The defense is that defendant’s insured, Adams, was travelling in the left of the southbound traffic lanes; that plaintiff’s wife was proceeding south in the right-hand, or west, traffic lane behind the Hicks car; that as defendant’s assured approached and was in an act of passing plaintiff’s car, plaintiff’s wife suddenly, without notice or warning, and without looking or making observation of traffic conditions, swerved her car to the left and proceeded into the inner southbound traffic lane in an apparent effort to pass the Hicks car.
On trial, the only question for resolution was that of liability, the extent of the damage to plaintiff’s automobile having been stipulated. The sole issue is, therefore, one of fact, and this having been determined adversely to plaintiff, he was granted and has perfected an appeal to this court.

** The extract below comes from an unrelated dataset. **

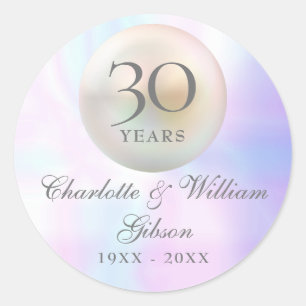 Beautiful Pearl 30th Anniversary Classic Round Sticker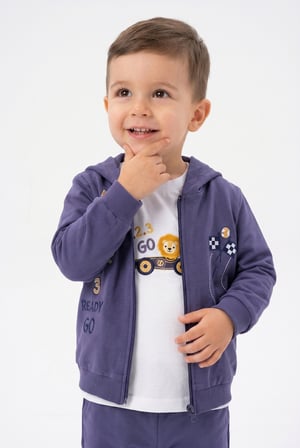 Toontoy Erkek Çocuk 3'lü Eşofman Takımı Uzun Kollu Bisiklet Yaka Nakışlı T-shirt - Kapüşonlu Fermuarlı Hırka- Beli Paçası Lastikli Eşofman Altı 25044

The witnesses testifying on behalf of plaintiff were plaintiff, his wife, and her companions, Lula Mae Hawkins and Hilda Hawkins, as well as Robert J. Wade, the police officer who investigated the accident. Plaintiff was not present and accordingly did not witness the accident. His testimony did not relate to nor have any bearing upon the question as to whose fault the accident happened. The officer had no independent recollection of the facts pertaining to the occurrence of the accident. He was unable to identify as his own or to refresh his memory from a report of the investigation made of the accident. Therefore, the only witnesses whose testimony related to the occurrence of the accident were Neely H. Clements, her two companions, and Noel L. Adams, Sr.
The evidence does not establish excessive speed on the part of either driver. We are impressed that Neely H. Clements was driving at approximately 25 miles per hour and that Adams’ speed was slightly in excess of that rate. The testimony otherwise is in irreconcilable conflict.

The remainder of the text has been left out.